Me correspondió a mí abrir el recital con mi testimonio del periplo trágico y también grotesco “del incivilizado cayendo en medio de la civilización”, con mis versos que ahora puedo considerar juveniles de Teoría del circo pobre; después siguió Adoum con sus versos donde un tono sardónico se unía a una profunda ternura y a la magia de existir en este mundo, para terminar con Gelman y su extraordinaria poesía coloquial y multidimensional, con un lenguaje poderoso que comunicaba y reinventaba el planteamiento de una desgarradora protesta política.

Fue un momento inolvidable en mi vida de artista y luchador por la libertad y la justicia, que se genera y ofrece en mis textos.

La fortuna hizo que de ese evento quedara una fotografía donde Adoum, barbado y de lentes, sólo se ve de refilón, mientras que yo aparezco en el centro, leyendo versos de mi juventud, entre esos dos paladines de voz tranquila y poderosa, buceadores de sueños y de permanencias.

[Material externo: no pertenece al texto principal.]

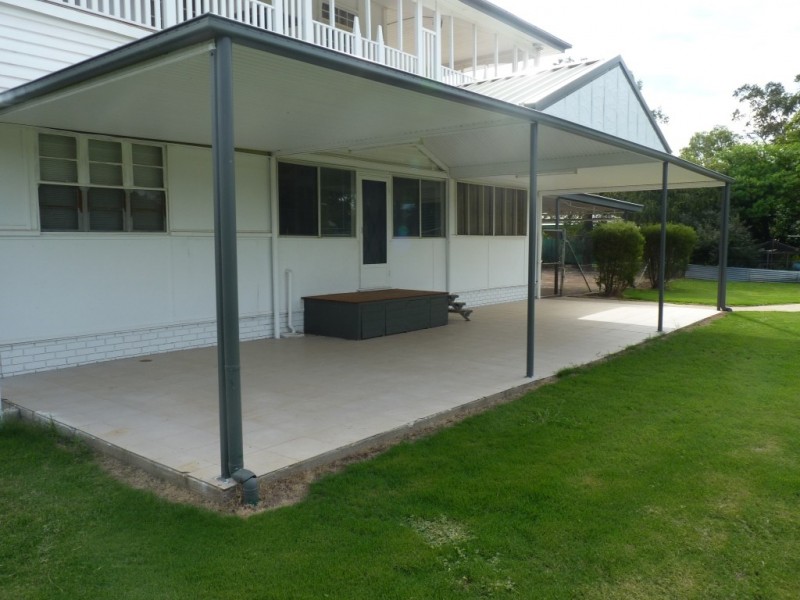 69 Scott Street, St George QLD 4487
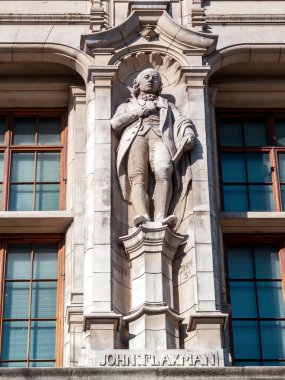 İngiltere 'de Londra' daki Doğal Tarih Müzesi 'nin dış tarafında bulunan John Flaxman heykeli 18. yüzyılın önde gelen heykeltraşı ve ressamıydı.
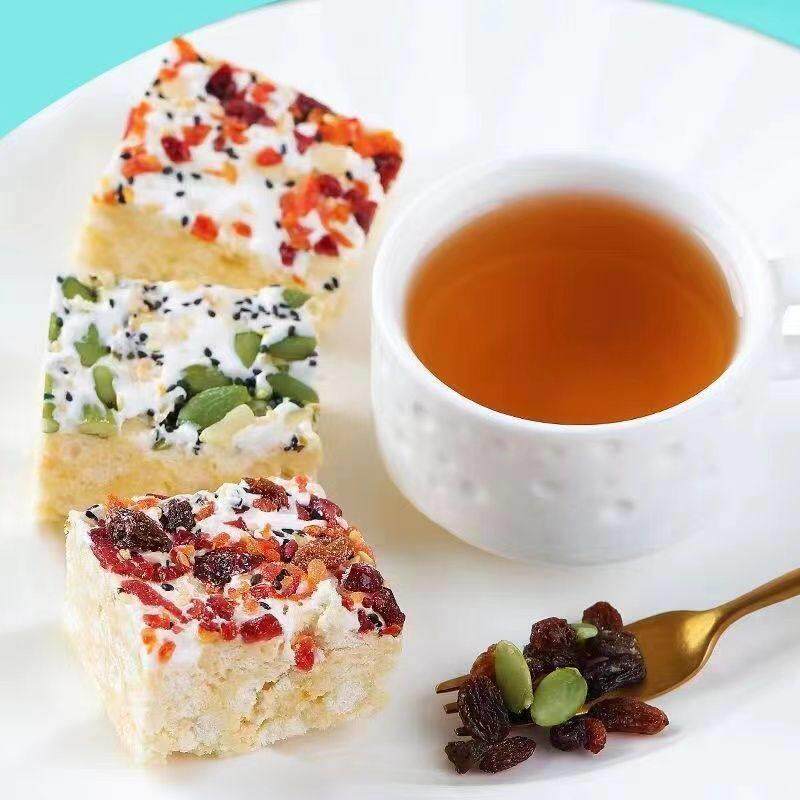 办公室小零食坚果糕点水果奶盖沙琪玛超好吃的网红小零食单独小包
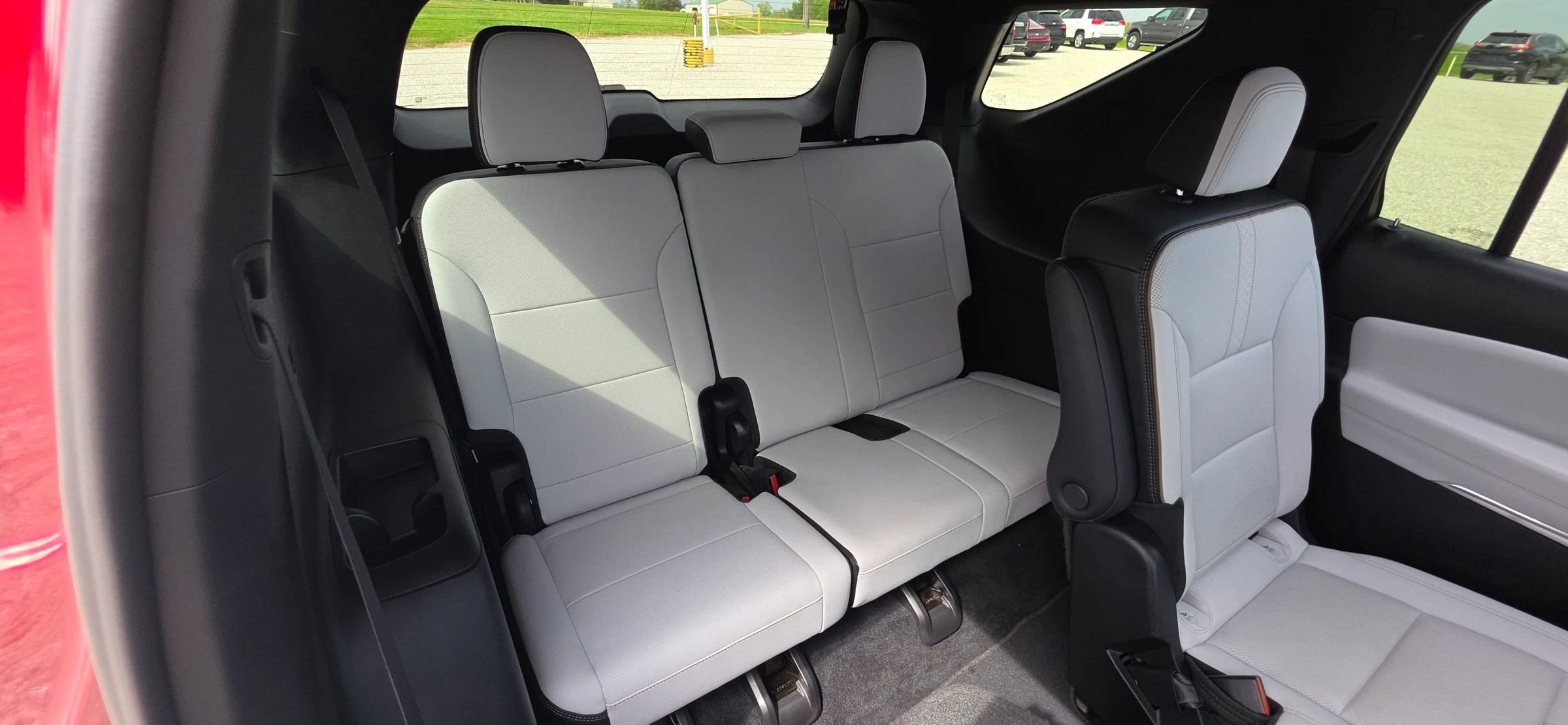 Used 2024 Chevrolet Traverse RS FWD image 12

It was the lark, bichito, no nightingale *

Metí amor en esa habitación de cejijunto,
En esta sólida soledad que debo hacer un lado
Pues ya no cabemos los dos al mismo tiempo,
Mas parece que hubiera que aguantar toda la vida,
Hacer cola en el mundo, esperar que los demás
Pasen primero a casarse o comer o a sus negocios,
Para empezar a vivir sin sentirse culpable,
Conmutándome a tu lado la pena de durar.

* "It was de lark, the herald of the morn, no nightingale" -de la escena quinta del acto tercero de Romeo y Julieta, -de Shakespeare. De Jorge Enrique Adoum, Yo me fui con tu nombre por la tierra, 1964.

Isla Negra , diciembre 2009.

Mis agradecimientos a Juan Camilo Lorca, de Referencias Críticas de la Biblioteca Nacional, por su ayuda en la pesquisa de hechos y datos perdidos.